At the same time as he was refining his vision for social studies and coming to understand the potential significance of his teaching, he was also, sometimes paradoxically, exhibiting fear of regression in his work, displaying apathy or exhaustion, exhibiting frustration and restlessness, and struggling to navigate interpersonal relationships with his students.
Fear of Regression
Under the pressure of a more established sense of mission for his work, the author often found himself gripped by fear that he might somehow regress to some of the less favorable vestiges of his former teaching self.
On the one hand, the fear of regression represented a way for him to stay vigilant and cautious as he attempted to resolve the contradictions of his practice.
On the other, he realized the risk of overcompensating.
His fears raise questions about how teacher educators handle the burden of a view of teacher education that sets such high standards, that runs counter to what many preservice teachers expect of teacher education.
Apathy or Exhaustion
The author argued that there were times when he seriously questioned what he accomplished with his student and preservice teachers as a result of his work with them.
As he struggled with these questions, he occasionally displayed signs of apathy and/or exhaustion in his thinking and practices as a teacher educator.

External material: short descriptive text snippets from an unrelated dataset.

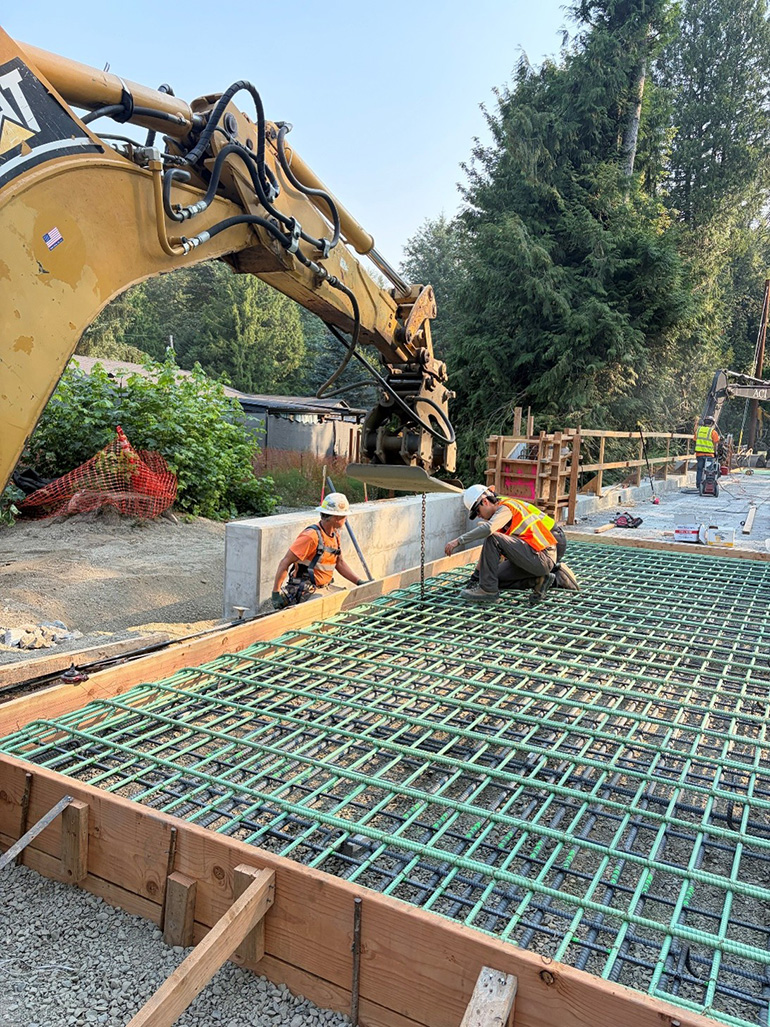 Crew member on rebar about to pour concrete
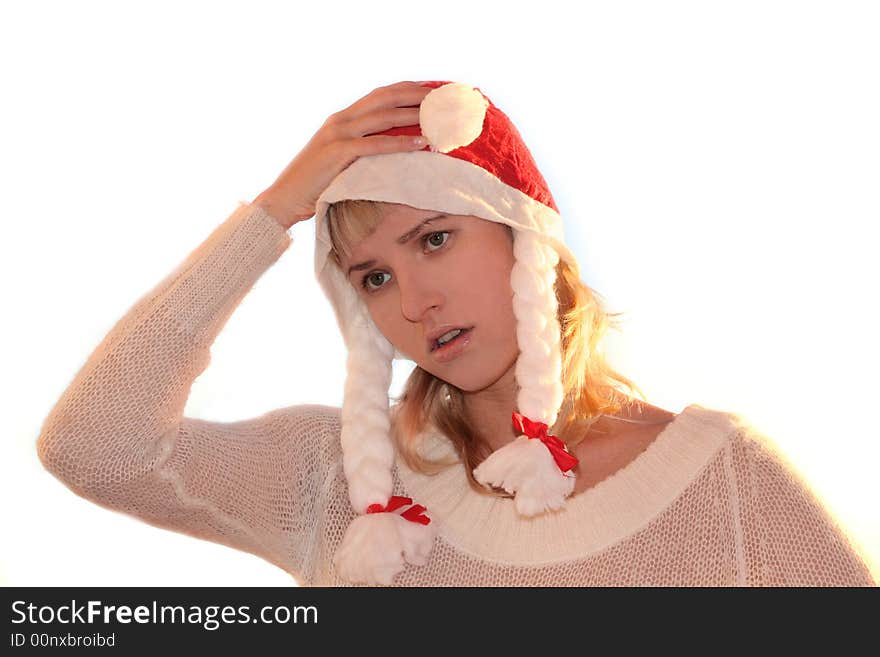 Young woman in cap of Santa thinking about New Year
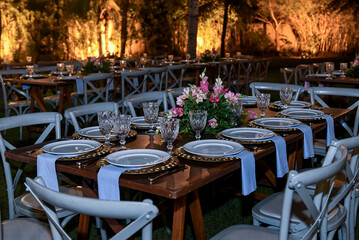 table set for a dinner, restaurant in the city, cafe in the city, restaurant in the night, restaurant tables and chairs, restaurant tables in the garden, hanging lights, christmas tree at night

When he did not feel he was making progress or when he felt those under his charge were not fully invested in their work together, he discovered that he sometimes engaged in practices that did not match his vision.
Frustration and Restlessness
Another representation of his development as a beginning teacher educator captured through the methodology he employed for this study centers on the feelings of frustration and restlessness that he exhibited regarding his work.
More specifically, the feelings of frustration seemed to indicate that he did in fact care, while the feelings of restlessness indicated that he sometimes had so much energy that he actually grew impatient to effect change.
Interpersonal Relationships
A final and related aspect of his development revealed in this inquiry concerns his emotional struggle to navigate interpersonal relationships with his student and preservice teachers.
The dynamics of these relationships were framed, at least in part, by his feelings of fear, apathy or exhaustion, and frustration and restlessness.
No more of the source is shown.